#### YOUR GOAL:
The answer is the exact run of lines in the listing below from the line containing "Ophthalmologist Performing Laser" up to and including the line containing "A Man In A Black", with pictures removed.

#### INFORMATION:
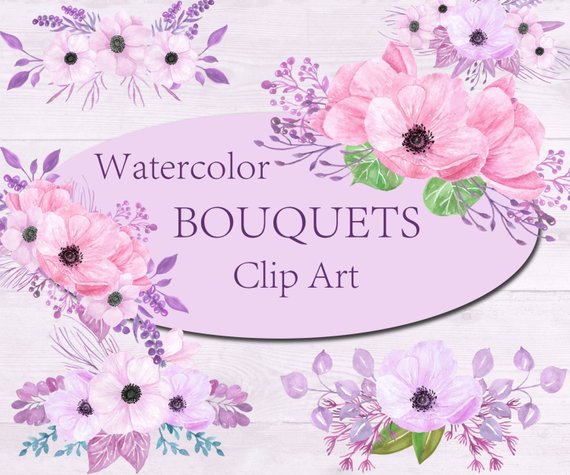 570x475 Watercolor Floral Bouquets Clipart Pink Flowers Bouquet Etsy - Pink Flower Watercolor
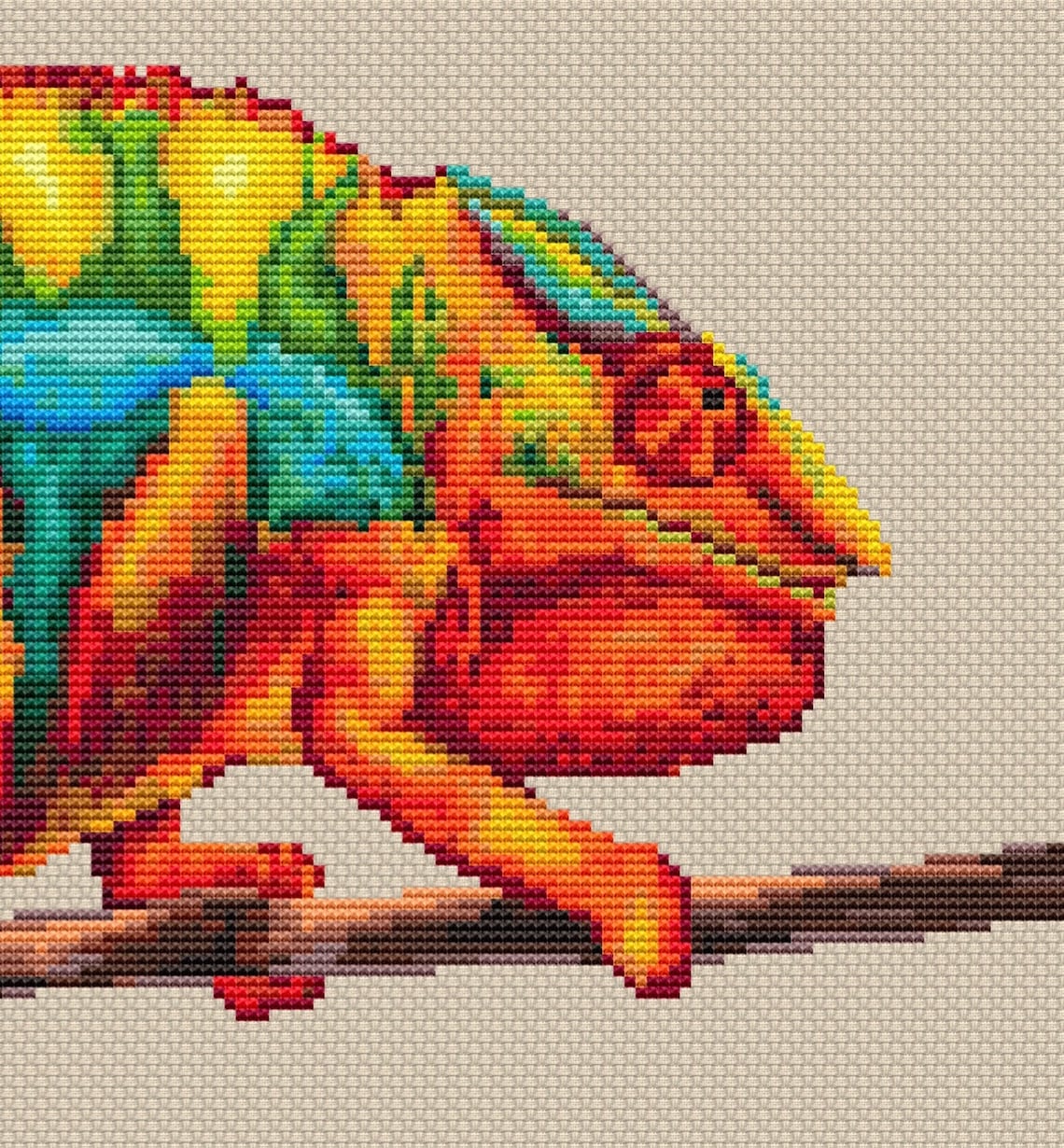 Colorful Chameleon Cross Stitch Pattern Rainbow Chameleon Etsy
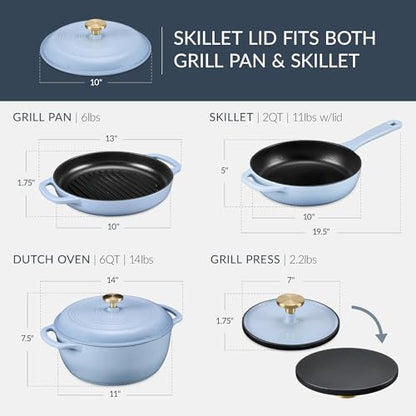 Best Choice Products Non-Stick Pot & Pan Cookware Set, Cast Iron, 2Qt Skillet W/Lid, 10" Grill Or Griddle Pan W/Press, 6Qt Enameled Dutch Oven, Non-toxic, For Cooking & Grilling - Cornflower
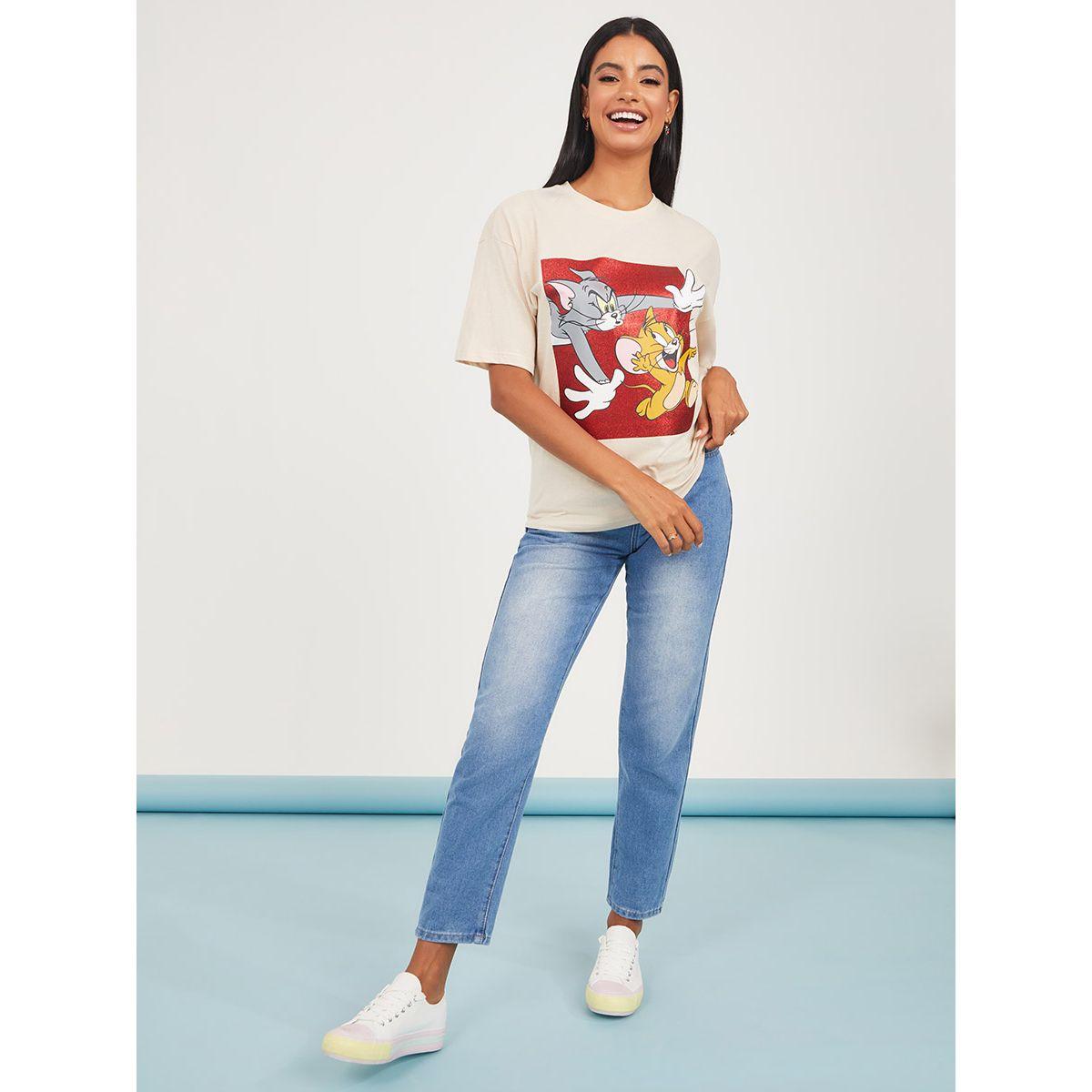تيشيرت طويل بقصة واسعة من ستايلي-women-clothing-tshirts-image-2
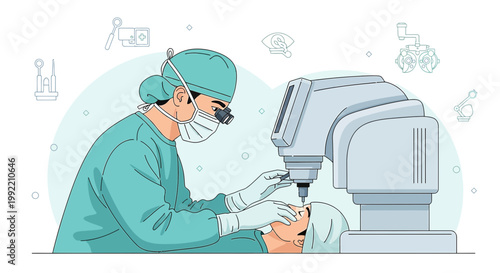 Ophthalmologist Performing Laser Eye Surgery with Advanced Medical Equipment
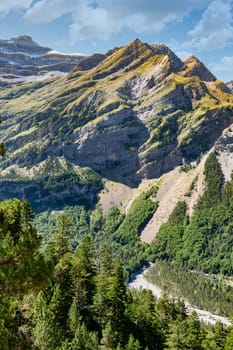 A mountain range with a river running through it. The mountains are covered in trees and the sky is clear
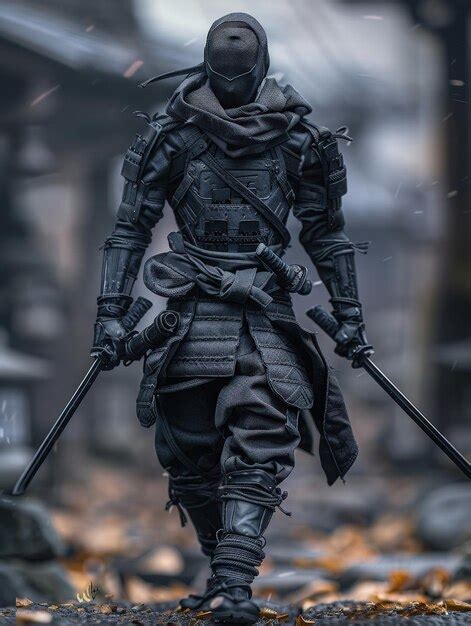 A Man In A Black Outfit Holding Two Swords Premium AI Generated Image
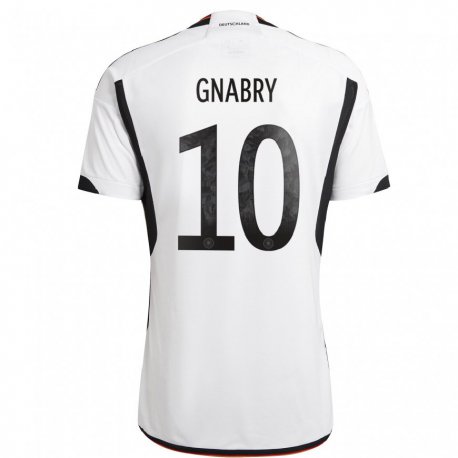 Kandiny Férfi Német Serge Gnabry #10 Fehér Fekete Hazai Jersey 22-24 Mez Póló Ing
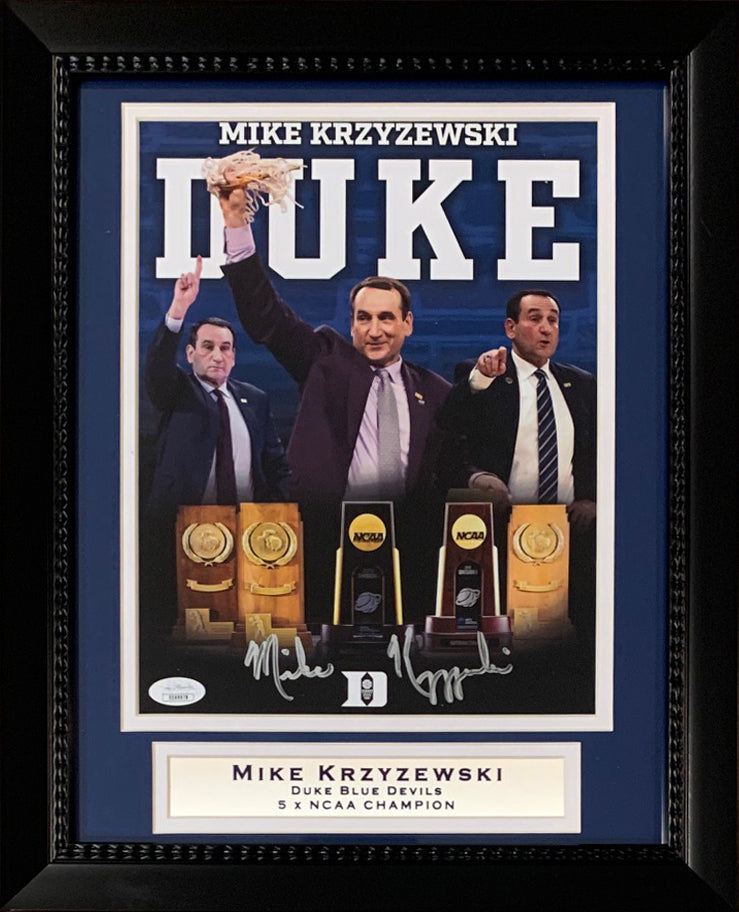 Mike Krzyzewski Autographed Duke Blue Devils Coach K Signed Basketball 8x10  Framed Photo JSA COA 2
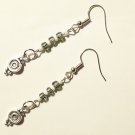 Gray and White Boho Dangle Earrings, Silver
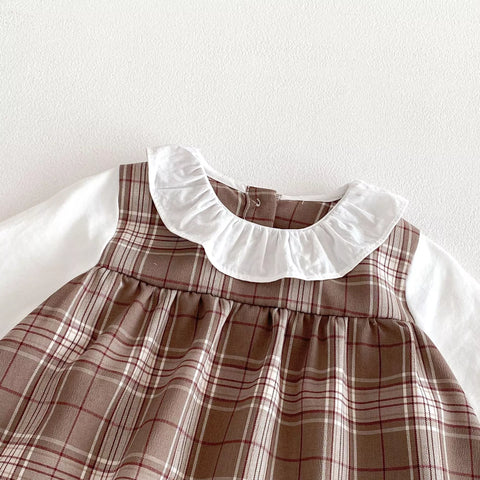 2 Pc Baby Girl Long Sleeve Plaid Dress with Hat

#### ANSWER TO THIS TASK:
 Ophthalmologist Performing Laser Eye Surgery with Advanced Medical Equipment
 A mountain range with a river running through it. The mountains are covered in trees and the sky is clear
 A Man In A Black Outfit Holding Two Swords Premium AI Generated Image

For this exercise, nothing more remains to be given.